My second night at SWARM.
The evening began at 6:30PM. Gareth Moore had cultivated an installation amidst the ruins off Terminal Avenue -- wooden figures in the landscape, like the title of my Richard Jefferies collection: Landscape With Figures. Gareth had apprised me of the show the night before, so I went.
I was given vague instructions. Rather than get lost, I arrived closer to 7 than 5, knowing that the crowd would tell me where I was.
And there they were, gathered under Jimmy Pattison’s free-standing billboard, the kind our former premier Glen Clark places on behalf of Jimmy’s company. Gareth had supplied a tray that held a vodka bottle, plastic cups and cigarettes. The vodka was from a local distiller, the cups from China.

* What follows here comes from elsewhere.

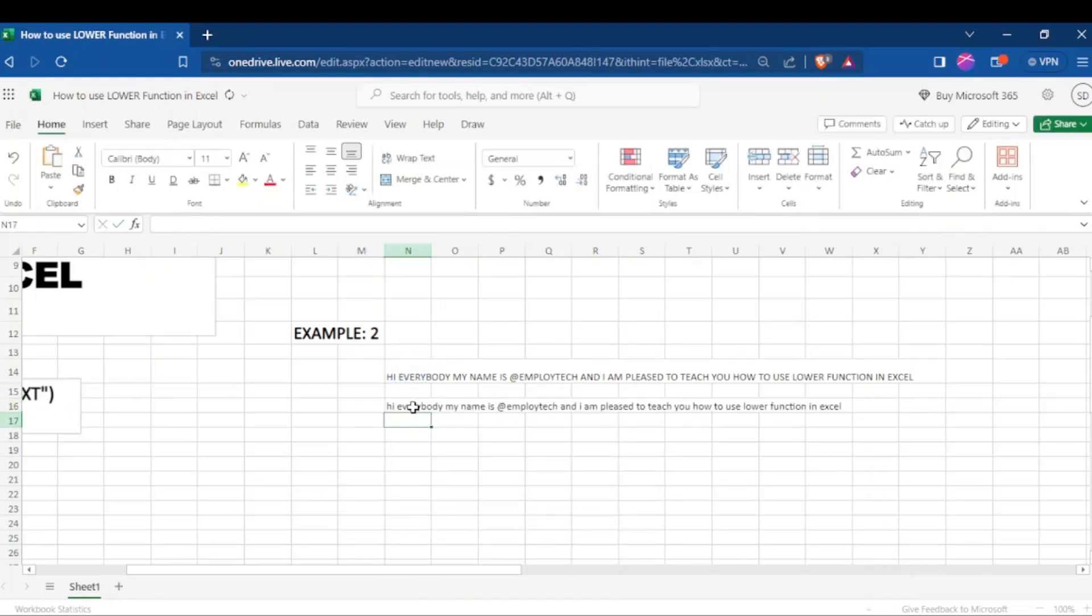As you can see, it has transformed or changed our text into small letters. In conclusion, the lower function in Excel is a quick and effective tool for transforming text to lowercase.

Still early for SWARM, I parked my car outside the darkened Or and walked to Holt Renfrew, where I purchased a pair of shoes. When I returned, the Or was buzzing -- a group show curated by Kim Nguyen, on love and its impermanence.
Jon Sasksi was at the newly-landed Access. His “pairs” parkour piece resonated. Artspeak was a crush; I could not see the installation. The Pitt has moved to Chinatown, and I like their new digs. Teagan Moore had work there, but I prefer her CSA show, particularly her window pieces. She is one to watch.
The night ended at Every Letter In The Alphabet, where fillip was launching a new issue. I purchased a copy and a year’s subscription. As a bonus, new subscribers will receive a nicely designed publication by Dexter Sinister, featuring Louis Brandeis’s 1913 essay “Other People’s Money”. And that was it for me.
Arrived home at 10:55PM, picking a tomato on the way up the stairs, which I made into a sandwich. Then to my computer, where Judith Hopf’s Hey Produktion (2001) waited to be un-paused.